In addition to the brain [16, 19–26], metallic mercury is also deposited in the thyroid [5, 19, 21], breast [27], myocardium [28, 29], muscles [5, 21], adrenals [5], liver [5, 30–32], kidneys [5, 7, 8, 19, 20, 23, 30–32], skin [5, 7, 8], sweat glands [5], pancreas [5], enterocytes [5, 30], lungs [5, 23, 30], salivary glands [5], testes, and prostate [5] and may be associated with dysfunction of those organs. Mercury also has affinity for binding sites on the surface of T cells and for sulfhydryl groups influencing T cell function [33, 34]. Mercury deposits readily in placenta and fetal tissues and is found in breast milk. [5, 18, 31, 35]

Metallic mercury is largely excreted as mercuric mercury [5]. The excretory half lives of metallic and mercuric mercury vary widely, depending on the organ of deposition and redox state, with values ranging from a few days to several months [5], with some pools (e.g., CNS) having a half life exceeding several years [5]. Hair mercury does not correlate with brain content of metallic mercury [5]. These complexities make accurate assessment of body burden challenging (see Section 9 hereinafter).

3.1.2. Mercurous (Hg

₂
⁺⁺) Mercury

Mercurous mercury salt in the form of Hg₂Cl₂ (calomel) is poorly soluble in water and poorly absorbed by the intestine, although some portion is thought to undergo oxidation to more readily absorbable forms [36]. It is doubtful that mercurous mercury survives in the body, other than as a transitional form between metallic and mercuric mercury [5].

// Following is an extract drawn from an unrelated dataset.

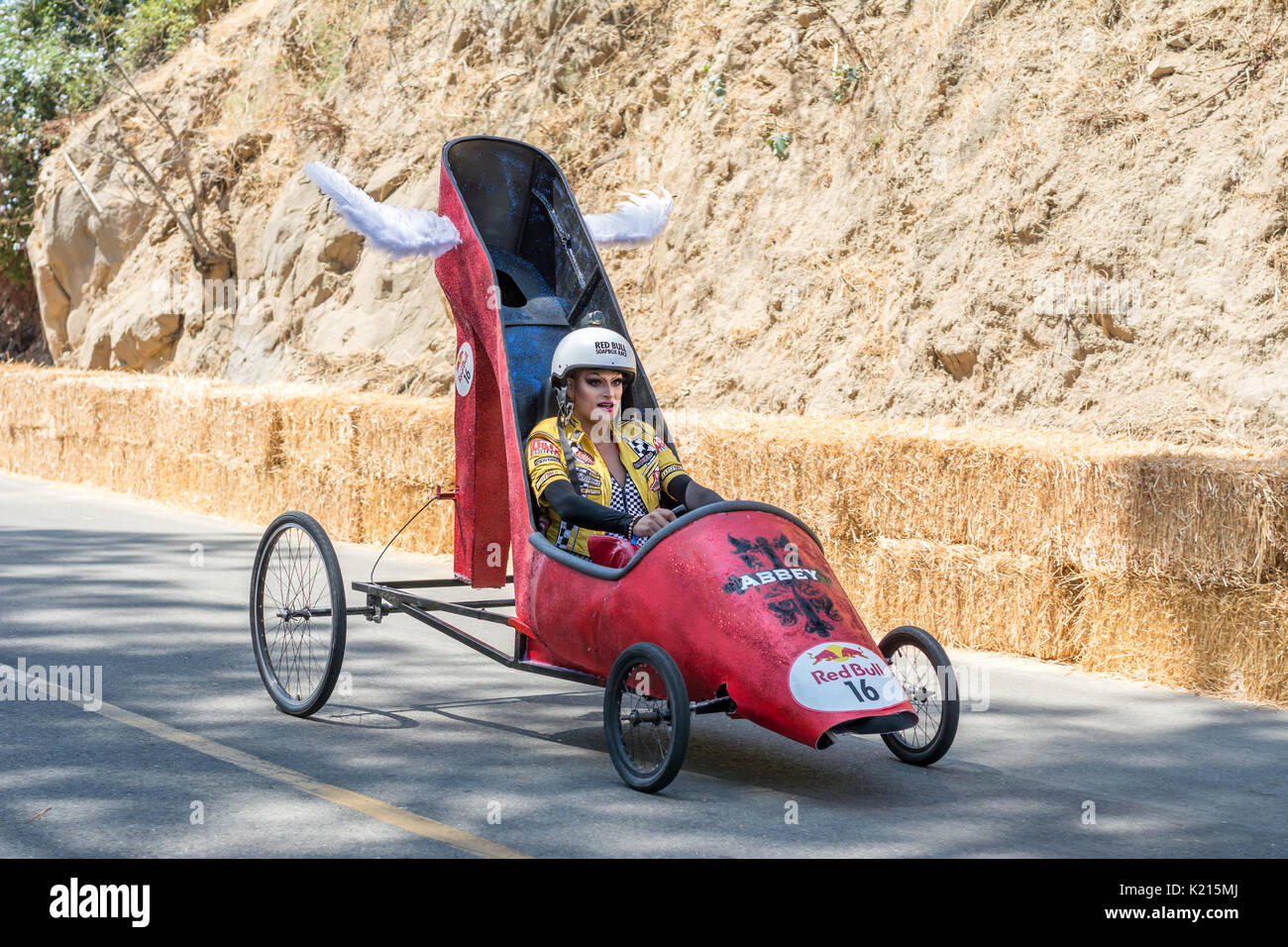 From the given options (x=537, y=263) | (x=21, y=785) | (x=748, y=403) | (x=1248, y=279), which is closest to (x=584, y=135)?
(x=748, y=403)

Some absorption evidently occurs, however, as calomel is occasionally associated with pink disease, or acrodynia.

3.1.3. Mercuric (Hg

⁺⁺) Mercury

Historically, mercuric chloride (HgCl₂) was used as a preservative and for development of photographic film and was ingested accidentally or as a suicide measure. It is a component of some skin-lightening creams. Only about 2% of ingested mercuric chloride is absorbed initially [37], although it is believed that its corrosive effect on the intestine may increase permeability and, hence, absorption, with prolonged exposure [38]. Available data on skin penetration of mercuric mercury are insufficient to make quantitative comparison with ingestion or with metallic mercury.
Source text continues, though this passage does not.